AGI - Non era Spelacchio, ma un bellissimo e lunghissimo cipresso. Però, poco adeguato per festeggiare il Natale, visto che accompagna lungo i viali dei cimiteri l'incedere triste di chi va a piangere i propri cari.
Era comparso davanti al Teatro Politeama, nel cuore di Palermo, lì dove di solito viene messo l'albero di Natale; e sui social si è subito scatenata un'ironia pari a quella che dovette subire a suo tempo il sindaco di Roma, Virginia Raggi. Ed è sparito.
È stato tutto un equivoco, anzi un eccesso di buona volontà da parte degli operai del Comune. Almeno, questo è ciò che, sprofondata nell'imbarazzo, afferma la giunta di Leoluca Orlando, per bocca dell'assessore al Verde, Sergio Marino, nell'intento di "rassicurare gli amanti della tradizione che a breve un albero adeguato sarà collocato nella piazza e ciò avverrà gratuitamente come già previsto".
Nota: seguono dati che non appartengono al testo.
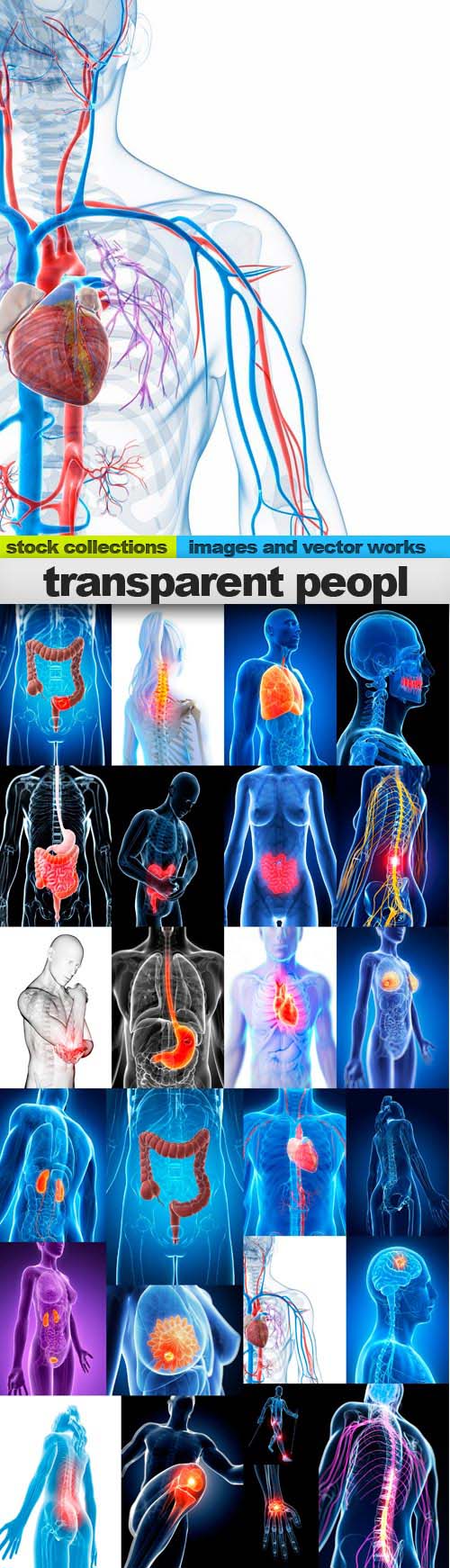 Transparent people, 25 x UHQ JPEG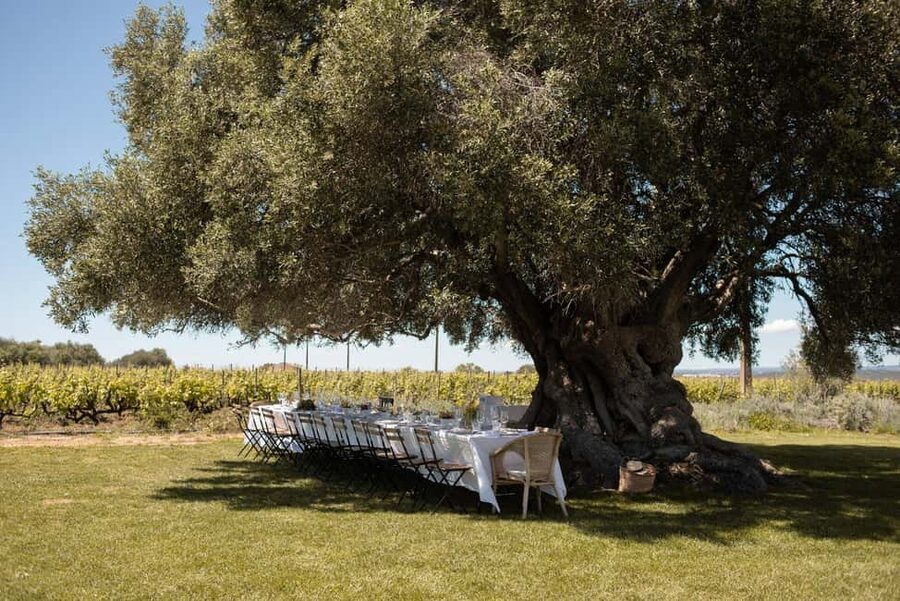 Lagoa: Vineyard Tour and Wine Tasting - What the estate story adds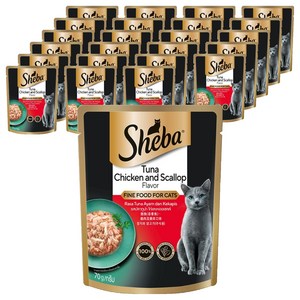 쉬바 고양이 주식 파우치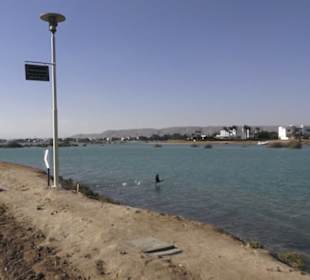 Stadtbesichtigung El Gouna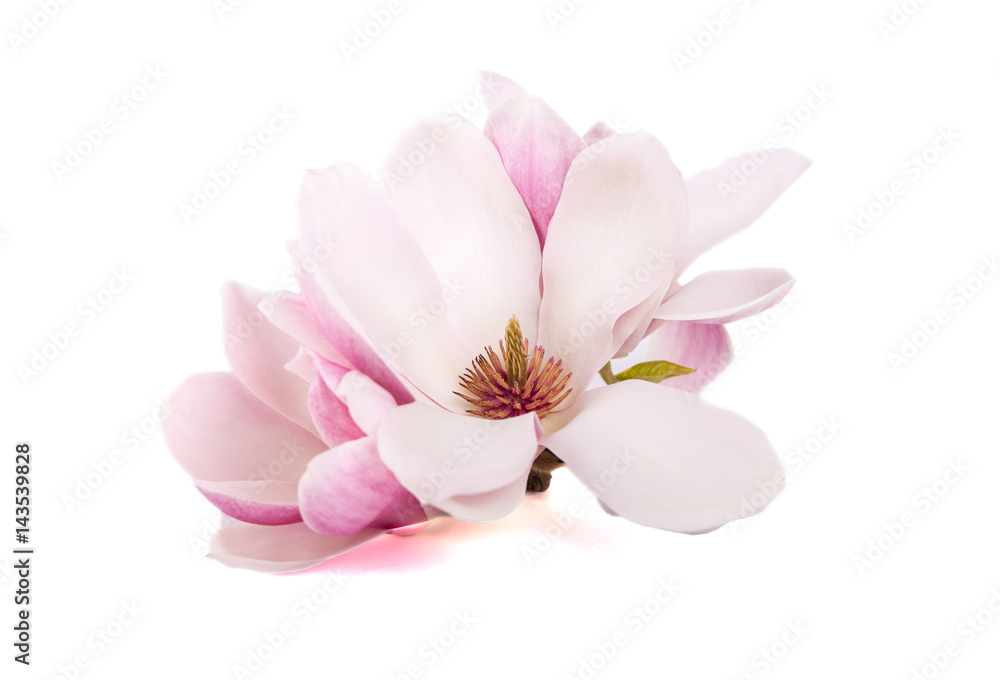 The pink magnolia flowers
Ma cosa è successo all'albero di Natale pensato per piazza Castelnuovo? Il racconto che ne fa Marino riporta alla mente le favole di Giufà, eroe comico della letteratura popolare araba e siciliana riportato alla luce dall'etnologo palermitano Giuseppe Pitrè.
"Ieri a Polizzi Generosa, durante il caricamento su un mezzo comunale di un abete donato dalla Forestale al Comune - racconta l'assessore - si è danneggiato".
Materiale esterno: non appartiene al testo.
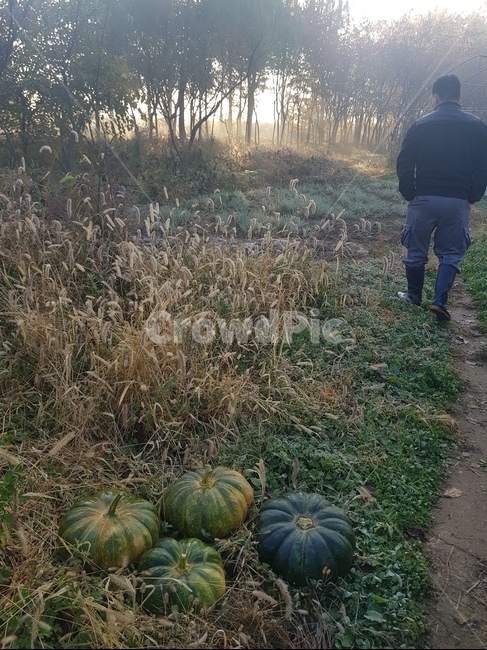 농부,호박,수확,자연,뿌듯함,늙은호박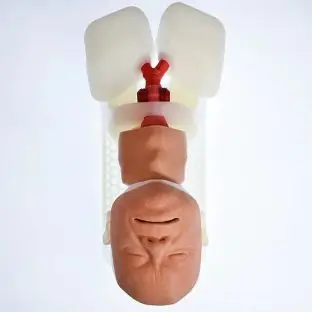 Airway Management Task Trainer - Decent Simulators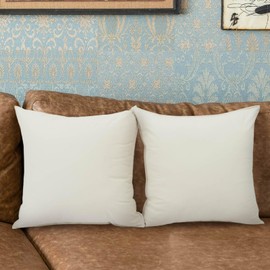 Betadistor Luxury Dutch Velvet Cushion Covers: Decorations Throw Pillow Case for Garden Livingroom Couch Patio Sofa 18X18 (Set 2) 528-0635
Pensando che non vi fossero altri alberi disponibili, "gli operai comunali sono quindi rientrati in città e non volendo lasciare sguarnita la piazza hanno autonomamente deciso di prendere un albero che era stato tagliato all'interno della Favorita in quanto malato".
I palermitani, che negli anni hanno visto la propria città massacrata dal cemento, sembrano non aver perso del tutto l'amore per la natura, la capacità di osservazione e si sono accorti subito dello scambio.
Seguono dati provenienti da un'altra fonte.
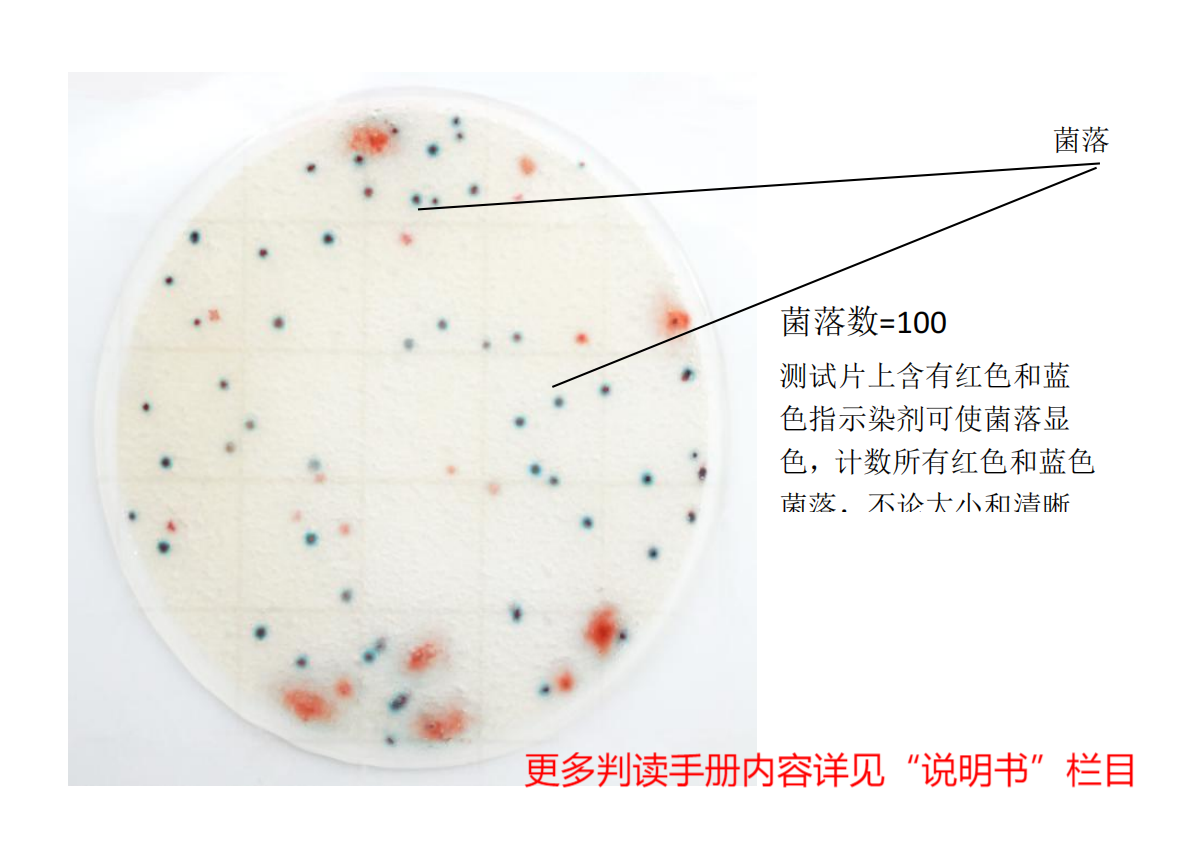 快速菌落總數(shù)測(cè)試片判讀手冊(cè)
E questa volta è andata male a Giufà, il "babbeo che - secondo Leonardo Sciascia, che racconta come ammazzò un cardinale ne "Il mare colore del vino" - ne combina 'una più grossa dell’altra', ma riesce sempre a cavarsela".
Alla fine il povero e malato cipresso è stato rimosso, poiché, conclude Marino, "la scelta compiuta in assoluta buona fede si è però rivelata non consona all'evento che vogliamo celebrare".